You'll get 3 SQL scripts: before.sql, after.sql and unsure.sql.

  • before.sql must be run before importing data. It contains the creation statements of tables, sequences, tablespaces (if you asked for them, which you probably don't want), roles.

  • after.sql must be run after importing data. It contains the creation statements of indexes, and most constraints.

  • unsure.sql contains everything that may have to be converted: views, triggers, check constraints…

So for now, you can run the before.sql, something like:

psql -e --set=ON_ERROR_STOP=1 --single-transaction -f before.sql my_database

You should add your connection parameters to this command. You can also use or not the ON_ERROR_STOP and --single-transaction parameters, depending on wether you want the script to stop on error, and cancel everything. This remark holds true for all following psql commands

Now, if you need, you can use the export.db2 script (it should have been created in my_output_dir), on the DB2 server, or a machine with the db2 command line tool, set-up to access the server. Your user will need SELECT access to all the tables, and permission to EXECUTE NULLID.SQLUBH05. Put this script on this machine, and run it this way (replace /path/to/ with the real path, or better yet, put the db2 executable in your path)

/path/to/db2 -f export.db2

It will produce a bunch of del/lob files, containing all your database's tables' content.

There is also a parallel_unload.pl script to try and run several db2 scripts in parallel. This is a bit ugly, as db2 does its best not to accept running more than once per tty. So this script does su to create new ttys and run db2 commands in them. Use at your own peril (and if you have a better way of running several db2 commands at the same time, PLEASE tell me).

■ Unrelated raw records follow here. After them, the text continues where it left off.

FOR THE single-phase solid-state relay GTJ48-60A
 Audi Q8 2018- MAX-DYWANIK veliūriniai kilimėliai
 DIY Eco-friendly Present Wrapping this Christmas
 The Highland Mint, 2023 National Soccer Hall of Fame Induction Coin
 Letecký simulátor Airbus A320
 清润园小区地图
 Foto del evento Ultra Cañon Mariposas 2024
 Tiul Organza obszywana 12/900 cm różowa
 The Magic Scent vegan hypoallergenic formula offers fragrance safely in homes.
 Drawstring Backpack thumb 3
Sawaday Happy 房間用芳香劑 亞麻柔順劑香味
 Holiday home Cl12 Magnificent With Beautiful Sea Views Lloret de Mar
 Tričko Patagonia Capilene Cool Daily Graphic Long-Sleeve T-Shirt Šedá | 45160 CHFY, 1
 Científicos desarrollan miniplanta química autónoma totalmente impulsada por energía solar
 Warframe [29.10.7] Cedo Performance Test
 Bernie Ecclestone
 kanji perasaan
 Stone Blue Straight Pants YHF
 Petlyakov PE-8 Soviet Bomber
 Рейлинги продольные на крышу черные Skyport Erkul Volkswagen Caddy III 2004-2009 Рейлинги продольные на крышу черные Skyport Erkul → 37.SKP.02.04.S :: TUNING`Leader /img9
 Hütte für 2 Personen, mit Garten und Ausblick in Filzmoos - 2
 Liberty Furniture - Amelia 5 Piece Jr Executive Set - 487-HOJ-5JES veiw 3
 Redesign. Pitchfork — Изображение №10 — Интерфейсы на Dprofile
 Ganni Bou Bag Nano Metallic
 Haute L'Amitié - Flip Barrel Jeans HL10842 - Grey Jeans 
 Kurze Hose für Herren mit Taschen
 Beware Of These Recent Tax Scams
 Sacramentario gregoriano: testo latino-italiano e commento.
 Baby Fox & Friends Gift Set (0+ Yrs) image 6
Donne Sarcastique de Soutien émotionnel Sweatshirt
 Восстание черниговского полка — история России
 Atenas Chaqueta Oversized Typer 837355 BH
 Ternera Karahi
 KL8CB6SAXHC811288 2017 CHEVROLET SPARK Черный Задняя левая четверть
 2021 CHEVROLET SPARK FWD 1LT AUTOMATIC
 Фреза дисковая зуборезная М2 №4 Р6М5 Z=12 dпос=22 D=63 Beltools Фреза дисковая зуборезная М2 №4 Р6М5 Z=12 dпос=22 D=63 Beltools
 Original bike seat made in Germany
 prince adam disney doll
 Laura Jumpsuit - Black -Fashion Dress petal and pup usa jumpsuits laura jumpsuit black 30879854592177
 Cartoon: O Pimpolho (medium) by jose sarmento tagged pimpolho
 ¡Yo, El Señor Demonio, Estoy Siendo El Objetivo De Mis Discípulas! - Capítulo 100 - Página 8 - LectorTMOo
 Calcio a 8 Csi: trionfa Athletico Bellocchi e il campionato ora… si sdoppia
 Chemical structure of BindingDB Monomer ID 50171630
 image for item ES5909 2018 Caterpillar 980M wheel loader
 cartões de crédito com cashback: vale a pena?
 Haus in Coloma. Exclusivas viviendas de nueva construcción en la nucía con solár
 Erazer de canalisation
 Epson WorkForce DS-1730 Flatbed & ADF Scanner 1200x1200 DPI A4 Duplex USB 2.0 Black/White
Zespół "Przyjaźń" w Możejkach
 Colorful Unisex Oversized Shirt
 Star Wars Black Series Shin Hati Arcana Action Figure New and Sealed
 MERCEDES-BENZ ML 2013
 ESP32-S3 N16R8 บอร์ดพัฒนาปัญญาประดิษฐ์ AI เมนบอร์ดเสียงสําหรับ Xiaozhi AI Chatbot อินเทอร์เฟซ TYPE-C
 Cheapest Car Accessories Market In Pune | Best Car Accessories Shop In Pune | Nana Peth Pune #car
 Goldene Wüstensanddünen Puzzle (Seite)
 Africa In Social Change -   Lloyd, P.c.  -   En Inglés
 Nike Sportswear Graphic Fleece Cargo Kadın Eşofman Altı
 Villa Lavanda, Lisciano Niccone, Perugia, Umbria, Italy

Now, you can convert and inject all these into PostgreSQL, using the deltocopy.pl script. For deltocopy, you need Perl::CSV::XS

deltocopy -d my_output_dir | psql -e --set=ON_ERROR_STOP=1 my_database

deltocopy produces all the COPY statements to load data into PostgreSQL to its stdout. You may add a -e option to specify encoding.

To get the full list of supported encodings in Perl:

perl -e 'use Encode; print join("\n",Encode->encodings(":all"));'

If you are in a hurry, and your server can bear it, there is a parallel mode. I advise you to only use it when you have validated that everything is ok at least once:

time deltocopy.pl -d my_output_dir -j 12 -o 'psql mydb' 2>&1 | tee import_log (time is optional, it's just to measure how fast you go)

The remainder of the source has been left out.